What To Expect When You're Expecting hits some good notes, but doesn't exactly deliver where it counts.
Babies. Adorable enough, right? Their puffy cheeks, mesmerizing smile and sheer embodiment of innocence and joy. Babies are simply the greatest gift anyone could ask for. So why is Wendy (Elizabeth Banks) losing her mind and channeling insanity while carrying child? What has caused her to become exactly the opposite of what she imagined? For that, we might have to back up a bit.
Wendy is the owner of a small shop called The Breast Choice, an expectant mother's safe haven filled with children's books, bibs and other items to prepare every mother for the miracle of child birth. Having spent the past few years trying to get pregnant, Wendy and Gary (Ben Falcone) are getting close to the edge, tired of seeing failed tests and empty carriages. Until one day, negative quite literally turns to positive and Wendy finally finds herself with child. But they're not alone in their expectant excitement. Host of the popular weight loss show Lose It And Weep, Jules (Cameron Diaz) begins to realize her possibility fertility when she fills up her winning dance trophy with that morning's breakfast. Breaking the news to her dance partnet/affair just brings good news as Evan (Matthew Morrison) reveals that he is in it for the long run. But it's not all pregnancies that create new parents. Holly (Jennifer Lopez), a popular photographer, begins the search for a possible new addition to her small family of herself and her husband Alen (Rodrigo Santoro). But is adoption what Holly and Alex need or just what they want? Regardless of their situations, everyone involved learns one thing: Pregnancy is a mother!

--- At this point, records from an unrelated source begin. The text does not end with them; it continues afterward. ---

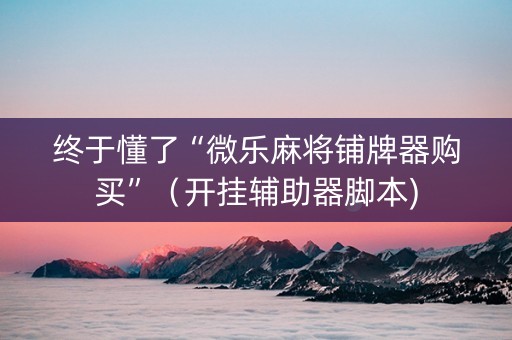 终于懂了“微乐麻将铺牌器购买”（开挂辅助器脚本)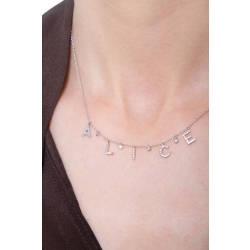 Gold necklace with name ALICE in diamonds 2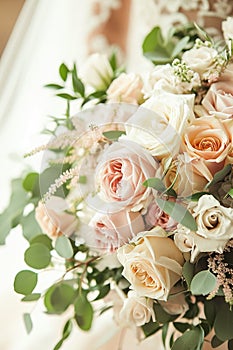 Soft-hued bridal bouquet in sunlight, perfect for wedding floristry.,AI Generated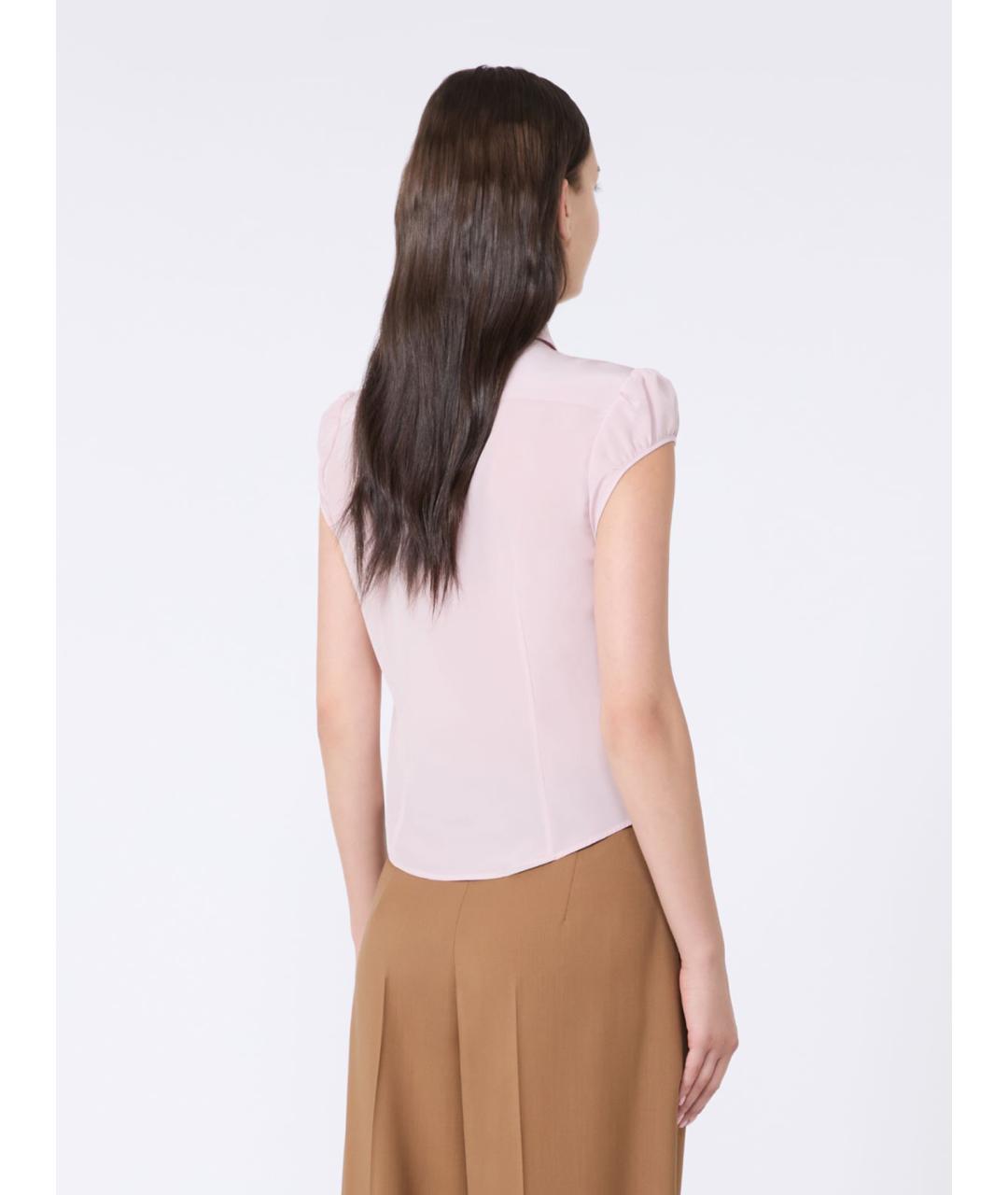 MAX MARA STUDIO Розовая шелковая рубашка, фото 4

What To Expect When You're Expecting should play out as a humorous look into the world of preganancies, hormones and all. And in a way, it does. Yet, it doesn't feel organic. Yes, Jules is a raging psychopath while being pregnant, but we're given the hunch that this wasn't much of a transition from the behavior of Jules prior to conception. Thus, the storyline of her going crazy on a rather unfortunate Matthew Morrison is rather stale. And when it comes time for apologies and reconciliation, Cameron Diaz plays her character as one with no regrets and a lack of compassion for her partner. Just the incompetence of this relationship makes the film feel unworth the time if an arch isn't met betwen two of the central characters. It's not so much the acting as it is the written nature of these characters and their actions. Color me unknowledgable as a male, but something just doesn't sit right about those scenes.

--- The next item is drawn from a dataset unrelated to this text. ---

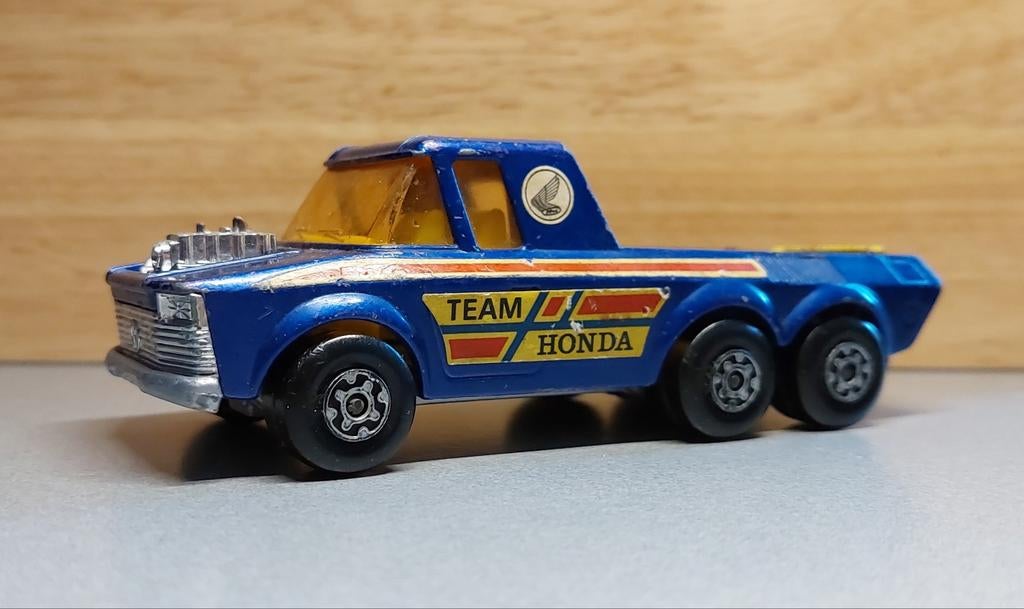 Vintage Matchbox Team Honda 6-wieler Truck, Hobby en Vrije tijd, Modelbouw | Auto's en Voertuigen, Overige merken, Gebruikt, 1:50 of kleiner
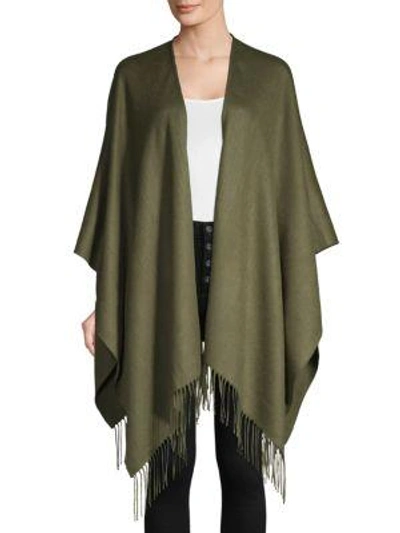 Shop Portolano Fringed Wool-blend Poncho In Military Green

Outside of Jules and Evan, each relationship carries a fairly enjoyable story on its' own. The frustration of becoming ready for adoption between Holly and Alex is a simple, but fascinating look into the preparation of parenthood. Wendy and Gary have fun as the couple who couldn't wait for pregnancy, yet found out there is no way to fully be prepared for those 9 months. One of the better stories, however, comes from one where the news of expectancy wasn't welcomed with joy. The journey of Rosie (Anna Kendrick) and Marco (Chace Crawford) is cliche at times, but executes it well with great performances, heartwrenching moments and an extremely believable chemistry. The actual stories of What To Expect When You're Expecting, for the most part, come off entertaining, but that's not all that audiences are expecting from a star-studded cast.
At its' heart, What To Expect When You're Expecting has one collection of gentlemen to thank for nearly the entirety of humor (outside of Dennis Quaid playing a retired, egotistical Nascar driver): The Dudes Group. Frontlined by Chris Rock, comedians such as Thomas Lennon and Rob Huebel play fathers who created their own club to walk and get out all their frustrations about fatherhood and marriage. As the Dudes welcome Alex to their group, they describe how terrifying being a parent is at first, then grows into acceptance. Watching Rob Huebel's reaction his baby eating a cigarette is enough to get me interested. Yet, it feels as if these hilarious comedians were restricted and held back from their true potential. That was mostly in part to the PG-13 rating and a pretty tight script to follow. However, working with what they're given, Rock, Lennon and Huebel make the best of their characters and easily become the highlight of the film.
What To Expect When You're Expecting is about four product placements away from a truly enjoyable comedy, being held back by a few too many cliche scenarios. Humor runs rampant throughout, even if a large portion of said humor is gender specific. Then again, this is a film designed for the women. But as a comedy lover, it's hard not to expect more.